I'll bite. How do you do that?
 
The Archie Altimeter

Adjust the tilt on your radar so the bottom of your beam is 4 degrees below the nose of the aircraft. Your radar display will be dark on bottom and paint ground return from some distance and outward.

Note the distance that the ground return begins painting. Take that # and multiply by 4, then add 2 zeroes. For example, if you are painting ground from 40 miles and outward, 40 x 4 = 160 + 00= 16,000 feet. Ground paint from 25 and out would be an approximate altitude of 10,000 agl.
 
would that brick be Mode C equipped?

It would, but as bricks are still continuing on a waiver to operate without electrical systems, the transponder would be no good.
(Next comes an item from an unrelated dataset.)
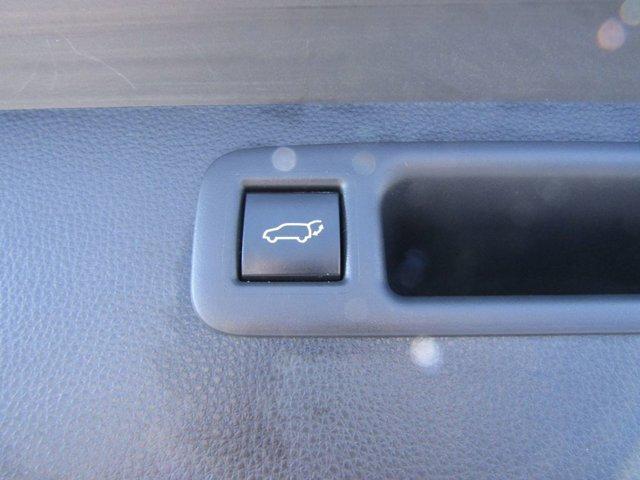 used 2021 Toyota Highlander car, priced at $26,415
Aside from that, how does one deal with a RA from a brick falling directly from above? "Dive, dive, no, I mean, really, dive!"
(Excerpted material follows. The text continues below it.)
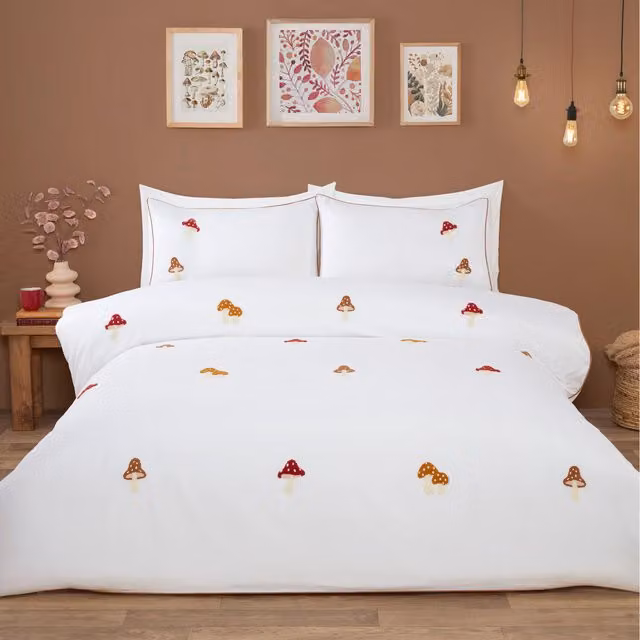 Portobello White Floral Embroidered Superking Duvet Set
Another means of getting in when you don't have a way to get the current altimeter is find another airplane that's going to your destination (or any destination for that matter, everyone is going somewhere ), and follow them in. Form up just behind them and land at the same time. When you're having coffee with them later, you can ride them about their deviations from the glideslope. :cool:
 
The Archie Altimeter.

I wouldn't put too much faith in using weather radar as an altimeter.

First, assuming that everything is perfect, you know *exactly* what the terrain elevation is 25 miles in front of you, the radar is tilted *exactly* 4 degrees below the horizon, the radar scale reads true distance *exactly* .... even if all of those measurements have zero error, the rule of thumb is going to put you off by about 600 feet if it's nautical miles, if it's calibrated in statute miles, it's going to be about 800 feet off in the opposite direction.

As far as the terrain height, even assuming that you have a sectional with you and you're pretty handy with it, your altitude estimate is only going to be a good as the height of the hills above the surrounding terrain, not a very comfortable thought.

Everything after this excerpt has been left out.